DAVID Cameron has refused to say whether ministers will be free to campaign for Britain to leave the EU in the forthcoming referendum.
The Prime Minister said he had been “misinterpreted” after widespread reports claimed he had ruled out allowing members of the government to follow their conscience on the key issue.
You are going to have to take this step by stepDavid Cameron
And he insisted he would not answer “hypothetical” questions about what the arrangements would be after he has finished his drive to renegotiate the UK’s membership terms.
Speaking at a press conference yesterday at the end of the G7 summit in Germany, Mr Cameron said: “It is clear to me that what I said yesterday was misinterpreted. I was clearly referring to the process of renegotiation.
“But the point is this.
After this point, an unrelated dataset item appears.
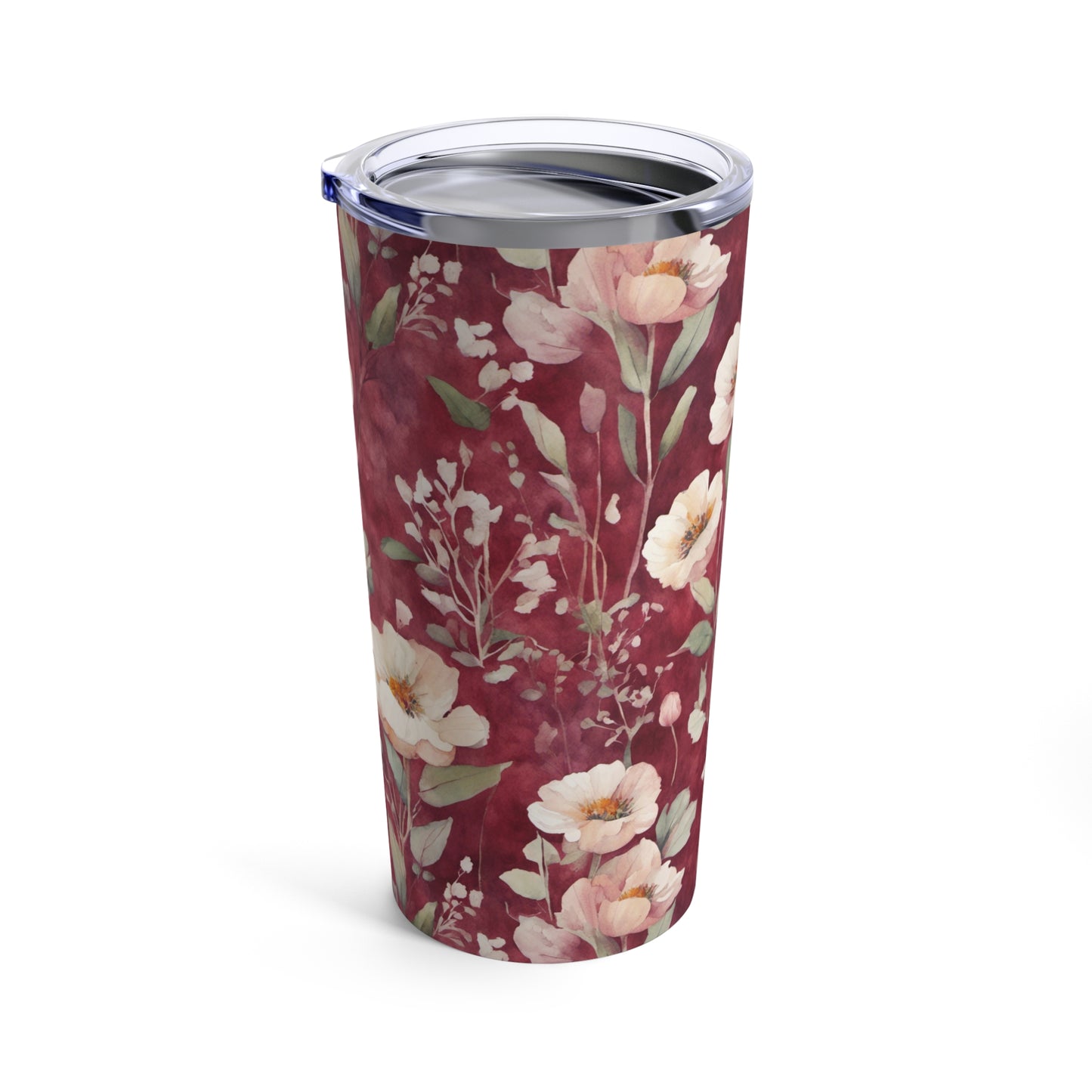 White Roses on Plum Red Tumbler 20oz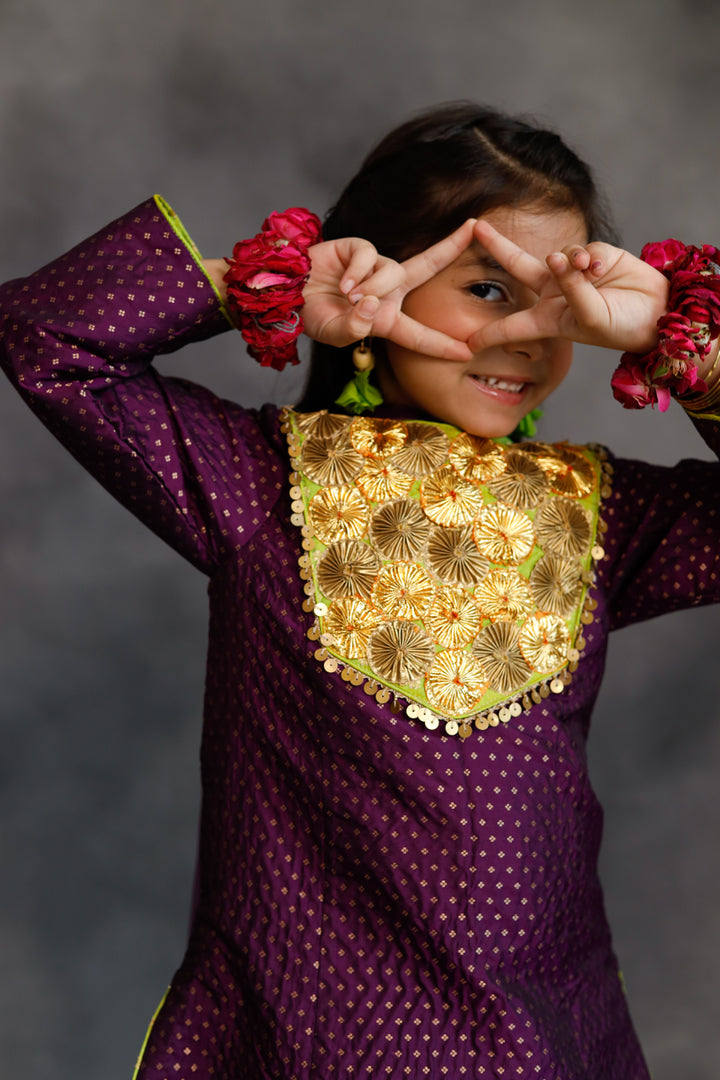 Purple Kurta With Dhoti Salwar Set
I have always said what I want is an outcome for Britain that keeps us in a reformed EU. But I have also said we don’t know the outcome of these negotiations, which is why I have always said I rule nothing out.
“Therefore it would be wrong to answer hypothetical questions. I know that can be frustrating. I know you want to jump to the end of the process and have all the questions answered now about the end of that process. That is not going to be possible. You are going to have to take this stage by stage, step by step, and you will get the answers.”
The Prime Minister said he had decided to restate his position after reading the reports of his comments in the press.
“What I said is, if you want to be part of the government, you have to take the view that we are engaged in an exercise of renegotiation to have a referendum that will lead to a successful outcome,” Mr Cameron said.
“That is what I said. I feel that there was a misinterpretation which is why I woke up and read the newspapers and thought, ‘I will repeat what I said and make that very clear’.”
He denied the Tories’ difficulties over Europe were an echo of their 1990s splits. “The Conservative Party is delighted that we have got a renegotiation, reform and referendum agenda. There’s complete unity about that, how the manifesto set that out.”
He added there was “real unity” behind his plan, which was “right for the country”. “In the end that’s what this is about: what is in Britain’s national interest. I believe it’s in our national interest to try and make changes in the European Union, changes in our membership, and then give the final decision to the British people.”
He refused to be drawn on whether a minister could remain in the government if he or she disagreed with that “clear view”.
Former cabinet minister John Redwood said up to 200 Tory MPs, out of 330, could be prepared to join a new Eurosceptic grouping, formed to press for a radical renegotiation of the terms of Britain’s membership.